While Churchill's defense is unconvincing, it nonetheless invokes the most important principle at stake in the Churchill controversy, and the one that garners the most concern from other academics. Churchill and his supporters argue that the academy should protect the free speech rights of people from all different perspectives–even from people who indict terror victims as equivalent to Nazis. While such support for politically unpopular free speech is admirable in principle, the logical outcome of protecting outrageous professors from political persecution by immunizing them from research misconduct investigations is problematic. Outrageous speech would become a shield that permits a professor to commit research misconduct without fear of sanction.
(“But Professor, certainly any student as deliberately offensive as I am must be automatically inoculated against all charges of plagiarism!”)
In order to make certain that he really is abhorrent enough to get the free pass on his research misconduct, Churchill added a few more choice words about the 9/11 victims in a speech last year (Crowell, 2006):You do remember the incident which the terrorists overpowered the stewardess on the aircraft and tweezed her eyebrows with his tweezers, until she screamingly submitted to fly the plane into a building. Remember that one? Tweezers. Tweezed into submission.The challenge for the University of Colorado has been to isolate Churchill's political speech from his research misconduct, and treat the two domains separately. CU holds that the principle of academic freedom preserves Churchill’s right to mock the murder of the 9/11 flight attendants. CU draws the line, meanwhile, at research misconduct. . . .
While Churchill’s copious manifestations of personal corruption have been known in Indian Studies and Indian activist circles for years, it seems that no one ever filed a formal complaint of plagiarism with CU. In early 2005, during the brouhaha over Churchill’s 9/11 commentary, the Colorado media rounded up various obscure exposes by Churchill’s academic critics and threw them in the university’s face. The university was then compelled to investigate.[Actually the ad appeared in the New York Review of Books--ed.]

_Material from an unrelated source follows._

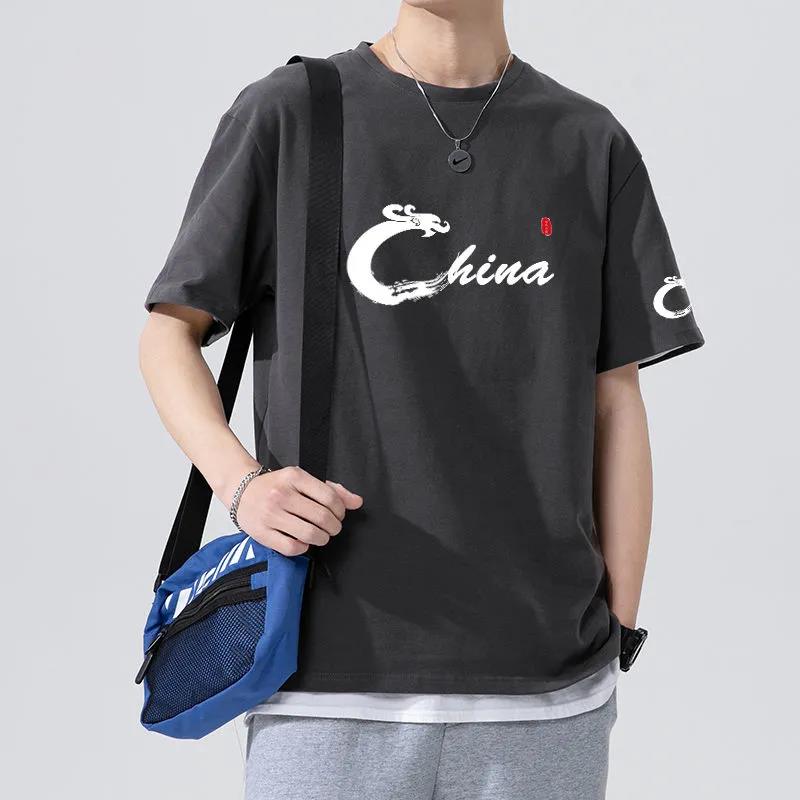 Summer T-shirt China Alphabet Print Tees O-neck Short Sleeve Thin Shirt Chinese Style Casual Loose Pullover Men Clothing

Churchill and his defenders argue that it was too late. Turning the principle of probable cause backwards, Churchill holds that now that the university has evidence of his misconduct in hand, it cannot investigate. If the university wanted to investigate, it should have done so before the evidence of his misconduct came to its attention. According to this line of argument, Churchill's insults to the 9/11 victims have effectively inoculated him from ever being held responsible for his research misconduct, whether committed in the past, present, or future.
Churchill’s own principled support for free speech appears to end at the tip of his nose. He has been prosecuted in federal court for obstructing Italian-American pensioners from marching in Columbus Day parades. Churchill holds that his Ninth Amendment right to be offended by a Columbus Day parade somehow supersedes the elderly paraders’ First Amendment right to gather and celebrate.

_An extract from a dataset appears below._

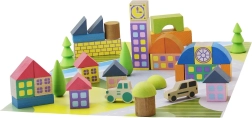 Jeujura fa építőkészlet falucska kockákból, 40 darab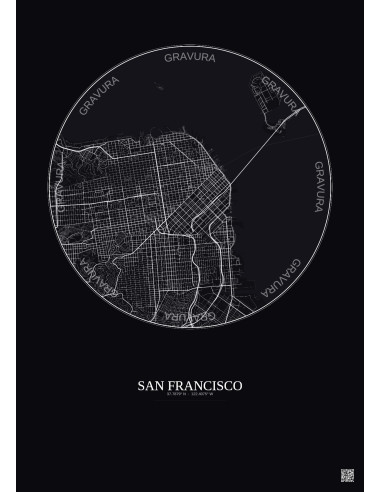 San Francisco City Map Poster 6km | Gravura – Dark background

Churchill and his supporters have filed spurious research misconduct complaints as retaliation against at least six professors who have criticized Churchill's research misconduct (myself included). Churchill even demanded that my university remove evidence of his research misconduct from my personal web page.

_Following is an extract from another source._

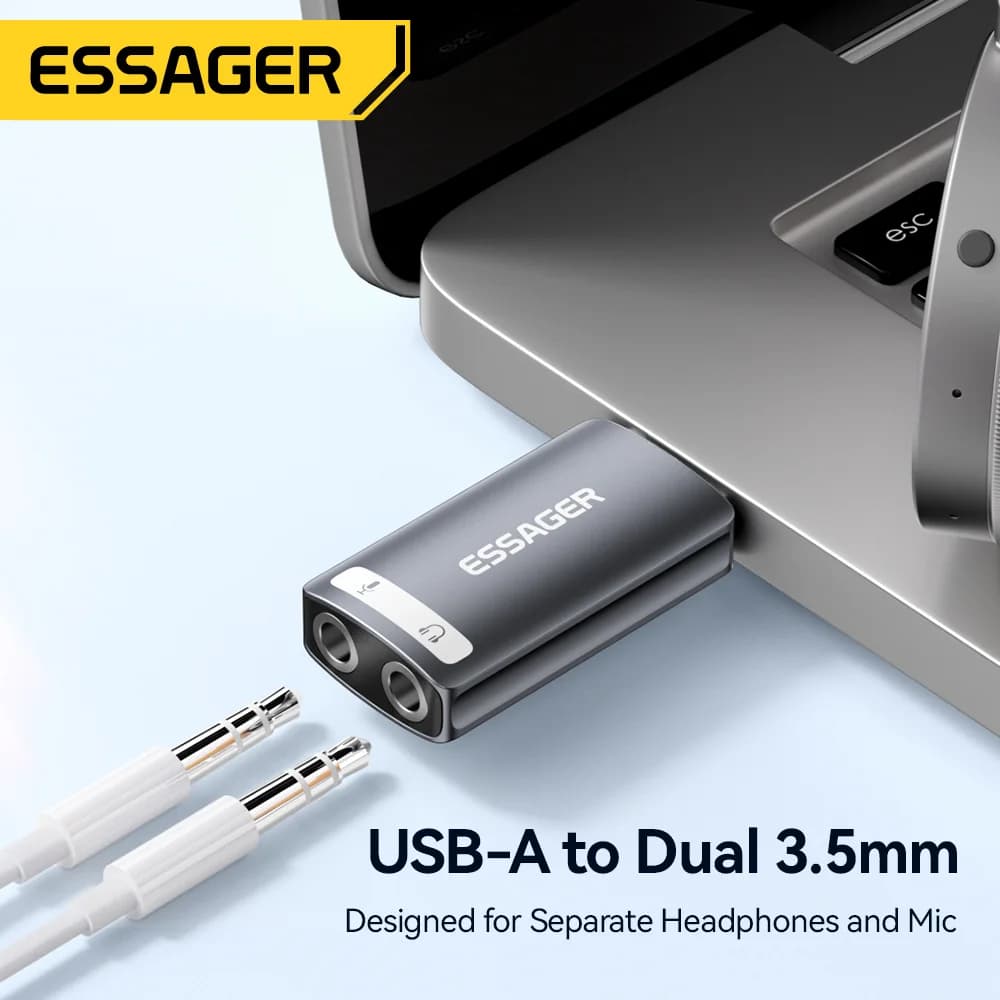 Eksternt USB lydkort med 3,5mm lydadapter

Nonetheless, I still support Churchill’s First Amendment rights—even if he doesn’t return the favor—because the principle of academic freedom is crucial for a well-functioning academy. Thus Excuse Number Twelve appears to be the sole source of what support Churchill still has remaining within the academy. Of Churchill's faculty colleagues at CU, 199 signed a newspaper ad on his behalf in February 2005 when the scandal broke. By July 2007, Churchill could find only four CU colleagues willing to sign a university grievance protesting his imminent firing. The cause of this dwindling support is the CU community's increasing awareness of the full extent of Churchill's plagiarism, fabrication, and falsification. There may also be distaste for making a free speech martyr out of a man who himself appears to be attempting to intimidate other professors in the CU community into silence, by filing spurious misconduct charges.
Churchill did manage to draw a handful of signatories for an advertisement published in the New York Times on April 12, 2007. The ad copy was composed by retired professor Richard Falk, and Reggie Dylan, "a contributing writer for Revolution newspaper" (the Communist Party's official organ). Falk and Dylan shamelessly misrepresent the facts and circumstances surrounding the CU faculty committees' investigation into Churchill's research misconduct. Much of their ad criticizes the Iraq War, and argues that Churchill's firing somehow derives from global politics. But the NYT ad does not even attempt to defend Churchill on the issue of plagiarism.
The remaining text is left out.